Since I was just entering my first adolescent beginning as a man, I’ve had this phenomenon with love: whenever I really liked a girl I would feel something like a kick in the gut when she walked in the room. Not painful, mind, but like a sudden, intense rush of butterflies. This was always the proof that I waited for: no kick in the gut, no love.
You may fear at this point that you’re a paragraph into a sappy blog post about love. Well, in a way, you are. But don’t worry; I’d sooner post musings about my bowel movements than start blogging about such emotions. So be patient, that strange opening will make sense soon enough.
I’m sitting now at my favorite home-away-from-home in eastern Bhutan. I have three hours left in this three-day drive from Thimphu back to my posting in Wamrong. To be clear, I say that as a celebration, not a complaint. The drive is long and difficult, but any English teacher worthy of the name knows that the road is always a metaphor for life, and this bumpy, rough, twisting road I’ve been riding on is just about the way I think life ought to be.
Once you’ve been in Bhutan long enough to know people, it’s basically impossible to travel alone in the true sense. My journey to here was a hopscotch of reunions: coffee dropped off at Sarah’s house, perched on the rim of a U-shaped valley -- too incredibly, perfectly green to believe -- above Trongsa,; a night of being chewed on by two peerless dogs in Jakar, where I also happened upon a friend I hadn’t seen in months, and so on and so on. Even if you don’t run into old friends on the road here, you’re sure to make new ones. Such is the nature of life in Bhutan, or so it seems after my short time here.
Best of all, though, is the constant supply of natural beauty that rolled past as I moved eastward with Gio, my trusty driver. I have always preferred silence when traveling; it’s a meditative time during which I silently contemplate the land. My brother David once said, many years ago, that you can tell how comfortable you are with a person by whether or not you’re able to ride in a car together for a long time without speaking. Gio and I understood each other perfectly in this regard: we spoke occasionally, little, 5-minute snippets of conversation, but we were comfortable with silence.
And the landscape of Bhutan does demand silence.

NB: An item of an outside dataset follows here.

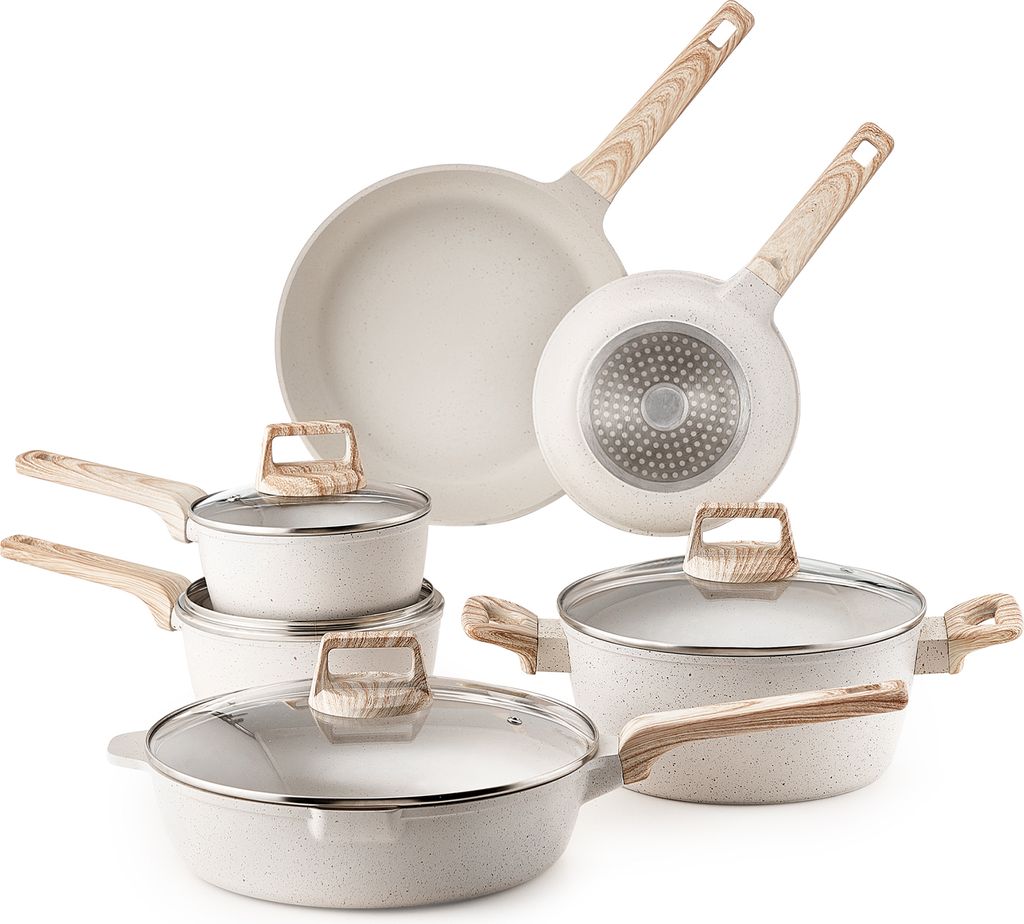A collection of white cookware with wooden handles is arranged on a white background.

I find myself fishing for a metaphor to describe it, but in truth, any metaphor I consider seems insufficient, not worthy of the mountains and valleys that dwarf us here, the constant stream of smells and sounds that flowed past as I sat silently receiving it through my open window.
Above all, there were two natural features that moved me on this journey. First, this being monsoon season, there were moments when we were above the clouds, climbing to the top of some la or another. The world became illuminated with the powerful, mid-summer sun that is usually veiled by thick clouds, and we could look all the way down the valley below, where, on the opposite side, a ceiling of rising clouds floated over the river at the bottom.
Secondly, there were frequent waterfalls as we climbed up the side of these valleys, falling to the roadside from a source mysterious and hidden in the thick, lush vegetation that grows right up to the pavement. The water would tumble noisily down only a few feet from us like an apparition as we passed, and on some stretches of road we passed them every thirty seconds or so.
So, over the course of three days, I especially appreciated these two scenes. And about halfway through the second day, as I followed with my eyes the route of whitewater rapids that boiled past us, I felt that feeling, my stomach suddenly electric with emotion that I had only felt as love for a person before. The first time, I thought… no, I must be carsick. But it happened again and again – every cloud-shrouded valley, every waterfall, over and over again for two more days.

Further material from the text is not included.